== Segment start ==

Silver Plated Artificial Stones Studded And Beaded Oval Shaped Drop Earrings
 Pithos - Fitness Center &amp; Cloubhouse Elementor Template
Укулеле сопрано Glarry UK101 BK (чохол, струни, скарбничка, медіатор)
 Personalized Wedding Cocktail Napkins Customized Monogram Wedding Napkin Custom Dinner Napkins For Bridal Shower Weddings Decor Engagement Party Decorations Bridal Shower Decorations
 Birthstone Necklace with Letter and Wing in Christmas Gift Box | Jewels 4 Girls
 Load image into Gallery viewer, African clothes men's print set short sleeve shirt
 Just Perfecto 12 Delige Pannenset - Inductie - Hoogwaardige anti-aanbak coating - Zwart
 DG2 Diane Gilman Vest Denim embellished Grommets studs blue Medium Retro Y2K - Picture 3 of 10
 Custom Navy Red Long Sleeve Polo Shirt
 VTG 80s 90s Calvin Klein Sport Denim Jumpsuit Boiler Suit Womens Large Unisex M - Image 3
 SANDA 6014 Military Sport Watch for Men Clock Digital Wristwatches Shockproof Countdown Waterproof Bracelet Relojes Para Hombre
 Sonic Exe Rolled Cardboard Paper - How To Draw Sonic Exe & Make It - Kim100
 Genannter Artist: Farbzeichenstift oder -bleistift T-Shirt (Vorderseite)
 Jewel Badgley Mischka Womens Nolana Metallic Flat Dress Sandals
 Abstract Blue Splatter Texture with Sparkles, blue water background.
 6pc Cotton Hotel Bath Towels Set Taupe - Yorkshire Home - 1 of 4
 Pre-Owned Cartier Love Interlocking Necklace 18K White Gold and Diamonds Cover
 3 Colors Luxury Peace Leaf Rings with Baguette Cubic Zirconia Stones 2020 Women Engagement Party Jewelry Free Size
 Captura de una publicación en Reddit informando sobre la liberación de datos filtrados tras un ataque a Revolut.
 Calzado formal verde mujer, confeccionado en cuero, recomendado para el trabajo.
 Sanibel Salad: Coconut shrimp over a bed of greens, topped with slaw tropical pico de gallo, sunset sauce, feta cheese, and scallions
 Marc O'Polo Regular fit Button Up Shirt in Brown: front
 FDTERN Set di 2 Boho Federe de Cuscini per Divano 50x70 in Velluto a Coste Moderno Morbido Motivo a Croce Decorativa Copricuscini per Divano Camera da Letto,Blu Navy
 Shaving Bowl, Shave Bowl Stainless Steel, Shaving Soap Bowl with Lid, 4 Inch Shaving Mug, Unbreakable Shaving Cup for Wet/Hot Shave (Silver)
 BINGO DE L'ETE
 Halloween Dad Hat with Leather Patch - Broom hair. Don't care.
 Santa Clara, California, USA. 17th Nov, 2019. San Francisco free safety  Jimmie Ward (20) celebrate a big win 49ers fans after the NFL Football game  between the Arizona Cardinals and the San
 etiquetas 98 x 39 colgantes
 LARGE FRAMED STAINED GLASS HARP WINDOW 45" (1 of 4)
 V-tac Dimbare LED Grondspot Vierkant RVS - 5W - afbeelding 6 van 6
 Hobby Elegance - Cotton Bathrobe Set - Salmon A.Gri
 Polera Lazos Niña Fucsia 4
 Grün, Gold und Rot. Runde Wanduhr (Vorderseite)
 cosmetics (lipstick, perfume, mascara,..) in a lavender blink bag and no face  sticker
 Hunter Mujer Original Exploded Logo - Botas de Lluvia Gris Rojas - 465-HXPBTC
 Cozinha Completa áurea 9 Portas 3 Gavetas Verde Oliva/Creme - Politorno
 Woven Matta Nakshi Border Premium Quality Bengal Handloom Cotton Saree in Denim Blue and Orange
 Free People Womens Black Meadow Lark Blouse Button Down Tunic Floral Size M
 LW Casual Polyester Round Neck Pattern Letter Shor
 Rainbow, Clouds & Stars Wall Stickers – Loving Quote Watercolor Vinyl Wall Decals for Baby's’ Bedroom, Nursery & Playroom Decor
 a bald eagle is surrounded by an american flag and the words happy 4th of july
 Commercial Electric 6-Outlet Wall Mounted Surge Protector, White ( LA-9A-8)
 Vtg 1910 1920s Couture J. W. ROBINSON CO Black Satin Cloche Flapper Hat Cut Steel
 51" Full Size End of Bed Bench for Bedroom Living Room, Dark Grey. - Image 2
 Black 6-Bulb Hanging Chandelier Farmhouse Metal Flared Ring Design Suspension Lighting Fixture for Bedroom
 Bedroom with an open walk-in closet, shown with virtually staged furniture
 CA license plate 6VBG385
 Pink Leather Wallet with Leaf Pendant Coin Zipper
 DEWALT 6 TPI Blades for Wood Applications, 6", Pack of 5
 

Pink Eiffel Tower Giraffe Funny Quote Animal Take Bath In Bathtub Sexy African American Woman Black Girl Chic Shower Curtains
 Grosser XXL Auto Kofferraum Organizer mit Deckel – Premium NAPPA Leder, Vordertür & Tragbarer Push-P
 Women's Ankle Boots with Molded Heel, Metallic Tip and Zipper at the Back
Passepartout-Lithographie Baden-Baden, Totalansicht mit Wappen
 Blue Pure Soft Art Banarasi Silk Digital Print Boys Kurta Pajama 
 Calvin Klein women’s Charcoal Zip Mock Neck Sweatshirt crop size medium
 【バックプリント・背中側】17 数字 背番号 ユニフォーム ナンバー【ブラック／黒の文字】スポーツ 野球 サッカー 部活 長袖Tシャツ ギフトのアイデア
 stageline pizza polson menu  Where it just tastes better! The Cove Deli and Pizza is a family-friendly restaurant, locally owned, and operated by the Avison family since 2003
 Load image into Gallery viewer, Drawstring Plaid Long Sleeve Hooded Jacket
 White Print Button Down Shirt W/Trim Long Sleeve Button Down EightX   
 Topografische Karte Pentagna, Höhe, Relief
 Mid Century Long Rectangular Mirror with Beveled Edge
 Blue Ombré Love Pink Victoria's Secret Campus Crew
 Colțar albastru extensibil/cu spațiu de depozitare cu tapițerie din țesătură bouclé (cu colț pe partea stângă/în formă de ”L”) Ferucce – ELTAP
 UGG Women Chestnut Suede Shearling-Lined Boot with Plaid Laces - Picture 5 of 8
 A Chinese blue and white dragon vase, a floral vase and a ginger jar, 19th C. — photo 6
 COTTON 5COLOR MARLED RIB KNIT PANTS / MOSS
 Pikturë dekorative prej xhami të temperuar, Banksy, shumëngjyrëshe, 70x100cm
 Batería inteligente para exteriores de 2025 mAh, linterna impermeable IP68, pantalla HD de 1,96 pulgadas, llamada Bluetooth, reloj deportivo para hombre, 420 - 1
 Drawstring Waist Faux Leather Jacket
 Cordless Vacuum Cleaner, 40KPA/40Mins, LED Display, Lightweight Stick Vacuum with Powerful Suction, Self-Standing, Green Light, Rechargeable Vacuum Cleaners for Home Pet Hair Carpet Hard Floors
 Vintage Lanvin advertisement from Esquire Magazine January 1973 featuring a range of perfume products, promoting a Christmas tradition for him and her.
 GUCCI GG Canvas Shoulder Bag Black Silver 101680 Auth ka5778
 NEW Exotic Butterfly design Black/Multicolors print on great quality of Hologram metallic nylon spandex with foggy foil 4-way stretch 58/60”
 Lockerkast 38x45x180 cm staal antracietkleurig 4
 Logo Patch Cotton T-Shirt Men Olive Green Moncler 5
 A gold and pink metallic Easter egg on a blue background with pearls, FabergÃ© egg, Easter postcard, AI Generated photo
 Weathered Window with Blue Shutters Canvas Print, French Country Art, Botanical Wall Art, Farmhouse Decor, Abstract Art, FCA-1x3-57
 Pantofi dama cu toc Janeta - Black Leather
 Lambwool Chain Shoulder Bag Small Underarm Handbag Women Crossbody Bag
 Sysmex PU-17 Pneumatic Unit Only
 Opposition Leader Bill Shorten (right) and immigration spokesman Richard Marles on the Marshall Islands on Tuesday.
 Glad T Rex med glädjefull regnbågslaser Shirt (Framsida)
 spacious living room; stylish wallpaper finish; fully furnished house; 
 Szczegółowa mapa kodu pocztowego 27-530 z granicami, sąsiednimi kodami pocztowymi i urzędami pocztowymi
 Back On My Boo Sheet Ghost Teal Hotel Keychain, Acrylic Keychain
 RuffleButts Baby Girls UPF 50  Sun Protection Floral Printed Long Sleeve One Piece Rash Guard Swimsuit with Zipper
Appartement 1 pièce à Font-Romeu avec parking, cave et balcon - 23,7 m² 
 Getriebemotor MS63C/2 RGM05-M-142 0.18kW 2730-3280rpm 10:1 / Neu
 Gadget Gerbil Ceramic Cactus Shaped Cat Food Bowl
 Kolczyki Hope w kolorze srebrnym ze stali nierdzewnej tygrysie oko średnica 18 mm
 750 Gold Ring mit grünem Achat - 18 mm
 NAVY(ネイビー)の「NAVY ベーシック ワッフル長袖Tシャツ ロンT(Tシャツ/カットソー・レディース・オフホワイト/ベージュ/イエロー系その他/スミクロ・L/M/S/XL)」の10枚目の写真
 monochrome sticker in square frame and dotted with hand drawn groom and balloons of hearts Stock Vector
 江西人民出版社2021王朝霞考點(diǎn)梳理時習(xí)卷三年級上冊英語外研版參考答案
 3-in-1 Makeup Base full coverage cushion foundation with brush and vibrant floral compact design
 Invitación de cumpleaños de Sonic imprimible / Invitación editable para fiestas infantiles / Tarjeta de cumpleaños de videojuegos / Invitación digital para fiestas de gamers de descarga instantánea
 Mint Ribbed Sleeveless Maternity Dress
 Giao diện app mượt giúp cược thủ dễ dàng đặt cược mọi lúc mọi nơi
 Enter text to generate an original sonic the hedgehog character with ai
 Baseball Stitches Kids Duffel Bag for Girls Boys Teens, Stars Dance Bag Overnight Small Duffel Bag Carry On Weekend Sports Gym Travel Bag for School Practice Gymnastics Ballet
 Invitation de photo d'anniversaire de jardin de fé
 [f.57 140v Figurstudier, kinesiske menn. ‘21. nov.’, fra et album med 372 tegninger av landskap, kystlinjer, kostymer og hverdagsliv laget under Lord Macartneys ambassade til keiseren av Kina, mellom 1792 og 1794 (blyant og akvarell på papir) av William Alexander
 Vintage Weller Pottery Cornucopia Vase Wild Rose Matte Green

== Segment end ==

*PROBLEM*.
Could you copy each line in the listing above that includes the word "Love"?

*TASK SOLUTION*.
 Pre-Owned Cartier Love Interlocking Necklace 18K White Gold and Diamonds Cover
 Blue Ombré Love Pink Victoria's Secret Campus Crew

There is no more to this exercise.